Trade Options for Kyrie Irving

The Cavaliers have engaged in many trade talks for their star point guard Kyrie Irving. Irving has expressed much anxiety to get away from Cleveland, whether or not it has anything to do with LeBron James. There have been many incidents involving bad chemistry between the two. For example, Irving is upset that James leaked the fact that Irving wanted a trade, while James is reported to have said (though he denies) that he was tempted to “Beat Kyrie’s @##.” This may have been building for many years. When James left Cleveland to “take his talents to South Beach [Miami],” Irving was soon to be drafted. (Irving was drafted in 2011; James betrayed his team in 2010.) Though Irving wasn’t on the Cavs when James left, he may have disapproved of the decision.

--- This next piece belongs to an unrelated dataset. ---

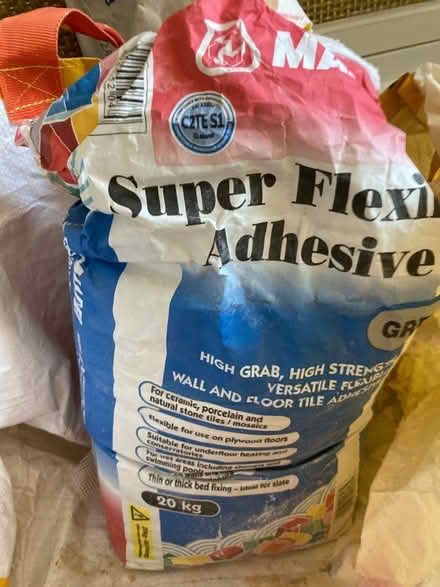 Photo of free New gypsum bag (plus almost full bag tile adhesive) (Stroud Green N4) #1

The Cavs have officially attempted to acquire Eric Bledsoe and Josh Jackson from Phoenix in exchange for Irving. Phoenix declined but it seems likely that Irving will not be long for Cleveland. This brings us to the New York Knicks. The Knicks have been a major factor in the Irving trade talks. Arguably their second best player, Carmelo Anthony (Kristaps Porzingis may be their first best), wants a trade. The Knicks might hold off for now, because Irving may be interested in joining them. The Knicks are unwilling to trade Porzingis for Irving trade, however, because Porzingis is a complete player, and still young. The Houston Rockets were a possible destination for Irving before they acquired Chris Paul, also a point guard, from the Clippers. If Irving were traded to the San Antonio Spurs, they would be a powerhouse team, with an Irving/Leonard/Aldridge trio. With Jimmy Butler, Paul George, Chris Paul, and Danilo Gallinari all headed out of their respective cities, the NBA off-season has been wildly chaotic. As a loyal Bulls fan, I was torn up when Jimmy Butler got traded, and I still think of the Clippers as a Chris Paul/Blake Griffin/DeAndre Jordan team, but I accept that this will be a new chapter in the NBA.